Convencidas que mudaram para um país tropical, é vê-las a abrir as pétalas
delicadas ao sol matinal.
A verdade é que o frio parece estar em greve este ano. Lisboa continua
solarenga e pouco vestida. De tal maneira que o homem das castanhas do Chiado
parece que chegou antes do tempo. A temporada das fotos de praia nas redes
sociais ainda não encerrou e no primeiro dia de Novembro, o dos santos todos,
os cemitérios estavam cheios de gente de guarda-chuva aberto para não apanharem
uma insolação.
Todos os anos, quando o Outono entra oficialmente nas nossas vidas,
ficamos espantados por estar ainda tanto sol e calor. Esquecidos do ano
anterior em que fomos à praia no 5 de Outubro, criticamos o aquecimento global
sentados na esplanada à beira do Tejo a beber uma imperial fresquinha que está
uma canícula que não é nada normal para esta altura. Porém este ano há uma
legítima razão para alvoroço sobre a meteorologia. Se até aqui as conversas
sobre o tempo serviam para preencher espaços de encontros pouco íntimos, agora
são motivos de telefonemas para as nossas mães.

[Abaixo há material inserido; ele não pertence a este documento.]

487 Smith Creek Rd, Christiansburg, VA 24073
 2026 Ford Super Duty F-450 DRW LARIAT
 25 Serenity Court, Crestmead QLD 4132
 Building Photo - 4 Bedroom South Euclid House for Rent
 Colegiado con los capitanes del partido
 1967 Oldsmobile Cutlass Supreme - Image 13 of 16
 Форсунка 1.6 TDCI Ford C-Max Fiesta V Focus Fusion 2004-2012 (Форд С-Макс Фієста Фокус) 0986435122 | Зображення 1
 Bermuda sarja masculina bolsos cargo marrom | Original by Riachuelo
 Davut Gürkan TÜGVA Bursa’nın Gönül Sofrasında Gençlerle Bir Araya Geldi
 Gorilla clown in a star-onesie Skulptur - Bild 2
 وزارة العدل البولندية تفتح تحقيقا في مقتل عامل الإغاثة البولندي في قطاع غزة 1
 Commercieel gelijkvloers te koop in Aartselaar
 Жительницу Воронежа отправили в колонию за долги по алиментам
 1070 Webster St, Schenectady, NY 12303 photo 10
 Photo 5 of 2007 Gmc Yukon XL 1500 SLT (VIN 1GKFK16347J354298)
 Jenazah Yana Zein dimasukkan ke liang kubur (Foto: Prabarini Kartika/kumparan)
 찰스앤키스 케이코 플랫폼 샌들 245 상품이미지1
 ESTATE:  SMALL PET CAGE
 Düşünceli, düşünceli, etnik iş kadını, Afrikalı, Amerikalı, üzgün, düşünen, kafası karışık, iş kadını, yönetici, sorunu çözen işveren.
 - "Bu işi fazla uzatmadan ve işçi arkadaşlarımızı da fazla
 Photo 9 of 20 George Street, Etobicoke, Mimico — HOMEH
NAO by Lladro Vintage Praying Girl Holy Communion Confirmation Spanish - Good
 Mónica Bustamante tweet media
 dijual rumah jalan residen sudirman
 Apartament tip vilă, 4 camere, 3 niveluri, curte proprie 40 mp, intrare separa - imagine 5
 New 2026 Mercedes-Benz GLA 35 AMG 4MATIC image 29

E é tão bom andar pelas ruas de Lisboa sem agasalhos. Sair de manhã e
ter a coragem de não levar um casaco dependurado no braço. Ver o sol a afagar
os prédios pombalinos e deixá-lo animar os nossos termostatos emocionais que já
estavam preparadinhos para a época melancólica do cair da folha. Perguntar aos
estrangeiros quantos graus estão na terra deles e fazer um sorriso
condescendente. Por este andar no Verão de São Martinho a Protecção Civil vai
decretar alerta vermelho por ondas de calor na capital.
Por estes motivos, declaro o Outono de 2016, o melhor Outono de sempre.
O ano em que as galochas vão deixar de estar na moda, as sarjetas não vão
entupir, a água não vai inundar a Baixa e chegaremos ao Natal bronzeados. Ou talvez
esteja a exagerar.
Por outro lado declaro o Outono de 2016 o pior Outono de sempre. Onde
andarão a tombar as folhas ocres? Quando poderei começar a deixar entrar a
saudade do Verão dentro da minha corrente sanguínea? Preciso de molhar os
sapatos numa poça de água, de usar a manta do sofá, de aquecer as mãos com um
cartucho de castanhas e que o vento me torça as varetas do guarda-chuva.
Por muito que me agrade o clima ameno, se for para continuar, em breve
sofrerei de nostalgias de céus cinzentos sobre o Arco da Rua Augusta, de chuvas
miudinhas no Tejo e de vento fresco na cara. Que a Lisboa do Outono também é
bonita. Ganha a inquietação da tristeza com que se escrevem poemas. O que me dá
a convicção de que foi nesta altura do ano que inventaram a palavra saudade.